Inchcape provided goods and services to Navy ships at ports in several regions throughout the world, including southwest Asia, Africa, Panama, North America, South America and Mexico. Inchcape provided ships with food and other subsistence items, waste removal, telephone services, ship-to-shore transportation, force protection services and local transportation. The lawsuit alleged that from 2005 to 2014, Inchcape knowingly overbilled the Navy for these services by submitting invoices that overstated the quantity of goods and services provided, billing at rates in excess of applicable contract rates, and double-billing for some goods and services.
“Federal contractors may only charge the government for costs allowed by their federal contracts,” said Acting Assistant Attorney General Chad A. Readler, head of the Justice Department’s Civil Division. “The Department of Justice will take action against contractors that knowingly submit inflated claims to the armed forces—or any other agency of the United States—as those inflated claims wrongfully divert taxpayer dollars.”
“We trust contractors supporting our warfighters to act with the utmost integrity and expect them to comply with their obligations to bill the government as called for by their contracts,” said U.S. Attorney for the District of Columbia Jessie K. Liu. “This settlement reflects our Office’s strong commitment to holding accountable those who violate these fundamental principles, no matter where they may be located.”
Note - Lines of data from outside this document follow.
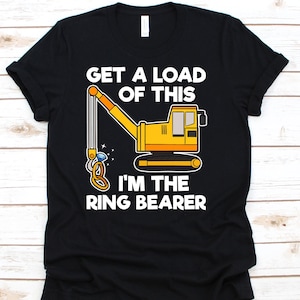 Get A Load Of This I&#39;m The Ring Bearer Shirt, Truck Gift, Ring Bearer, Ring Bearer Gift, Cute Tractor Shirt, Tractor Gifts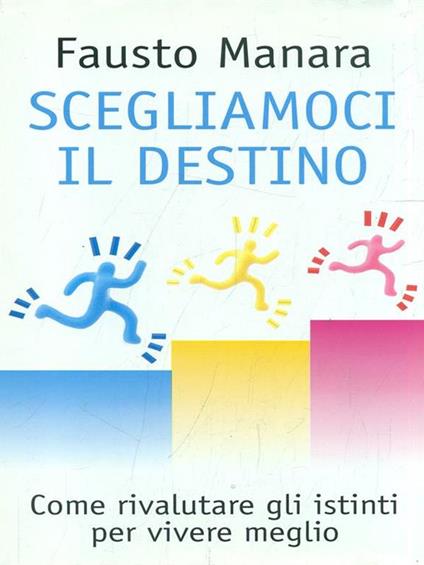 Scegliamoci il destino - copertina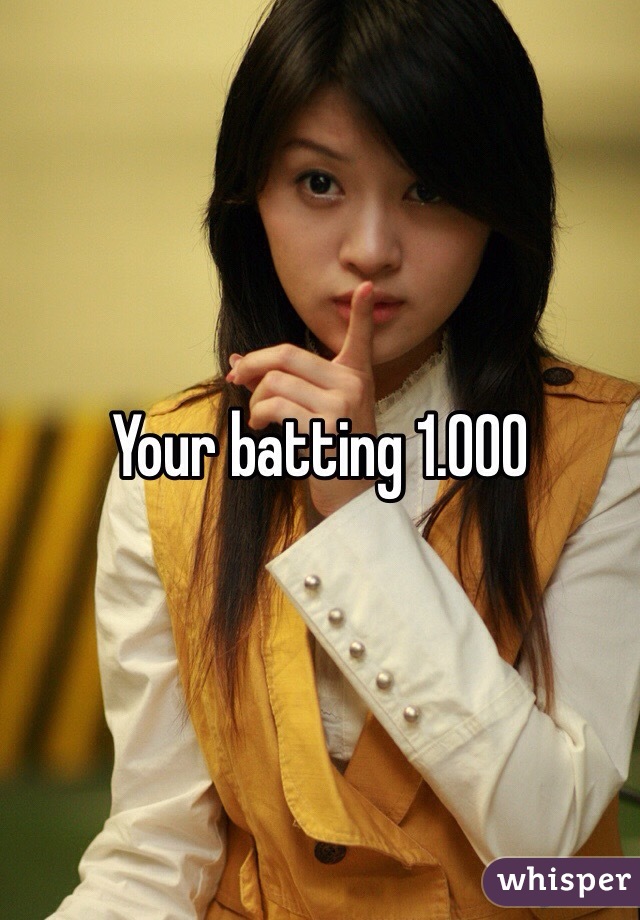 Your batting 1.000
“This settlement demonstrates that the Department of the Navy will continue to hold contractors accountable for the agreements they make to supply our fleet,” said Secretary of the Navy Richard V. Spencer. “The Department expects strict adherence to higher standards within the Department and expects the same from its contractors.”
“Fraud is an abuse of the system that siphons resources away from the American warfighter,” said Jeremy Gauthier, Special Agent in Charge of the Naval Criminal Investigative Service’s Washington D.C. field office. “NCIS will continue to work with our law enforcement partners to hold responsible those who would put personal gain above corporate integrity.”
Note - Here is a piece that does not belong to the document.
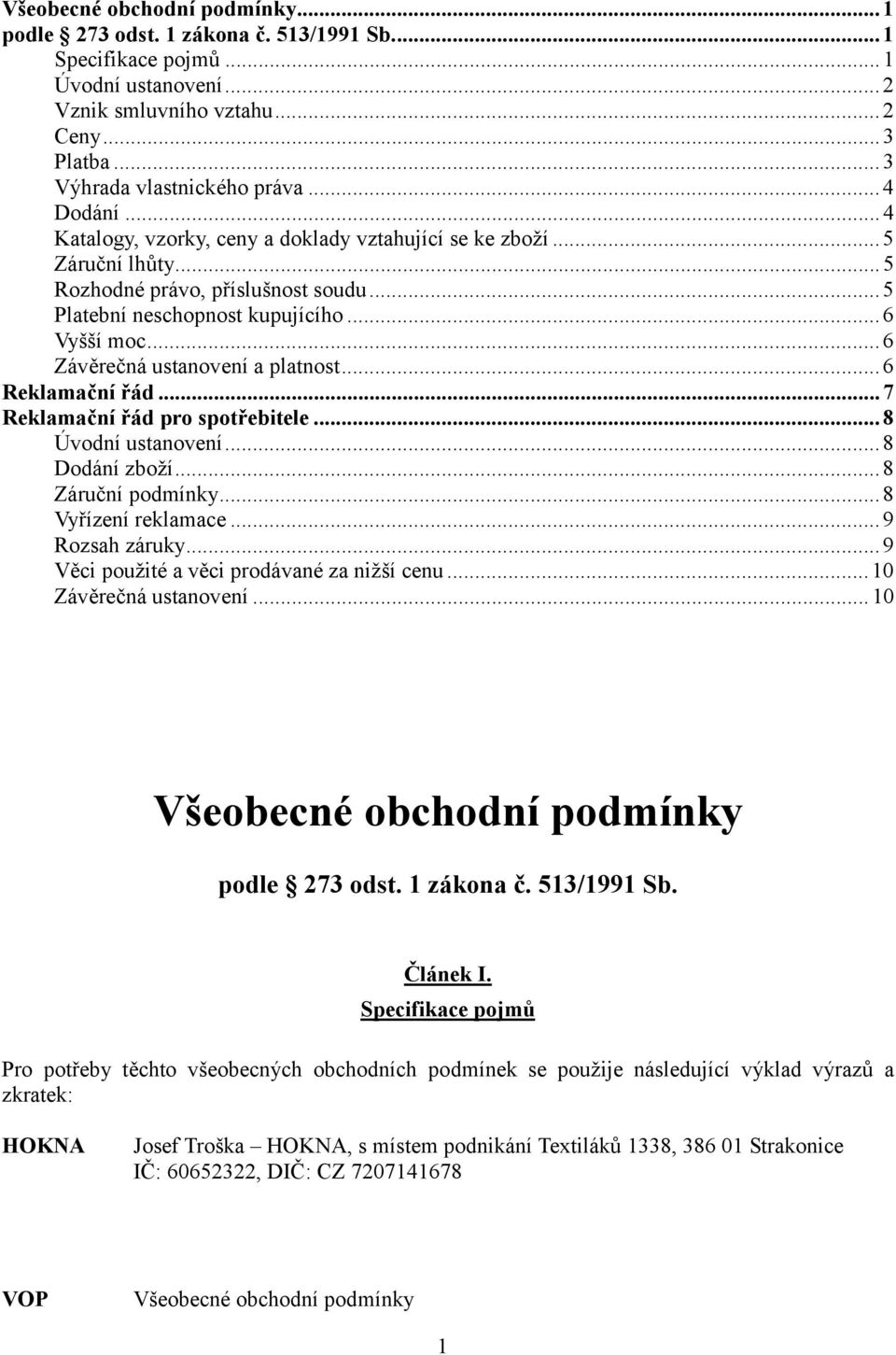 ná ustanovení a platnost... 6 Reklamaní #ád... 7 Reklamaní #ád pro spot#ebitele... 8 Úvodní ustanovení... 8 Dodání zboží... 8 Záru.ní podmínky... 8 Vy0ízení reklamace... 9 Rozsah záruky.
The lawsuit was brought under the qui tam, or whistleblower, provisions of the False Claims Act by three former employees of Inchcape, Noah Rudolph, Andrea Ford and Lawrence Cosgriff. Under the act, a private citizen may bring suit on behalf of the United States for false claims and share in any recovery. The government may intervene in the case, as it did here. The False Claims Act allows the government to recover treble damages and penalties from those who violate it. As part of today’s resolution, the whistleblowers will receive approximately $4.4 million.
The case was handled jointly by the Civil Division’s Commercial Litigation Branch and the U.S. Attorney’s Office of the District of Columbia, with assistance from the Department of the Navy and the Naval Criminal Investigative Service.
The case is captioned United States ex rel. Rudolph v. Inchcape Shipping Services Holdings Limited, et al., No. 1:10-cv-01109 (D.D.C). The claims alleged in the case are allegations only, and there has been no determination of liability.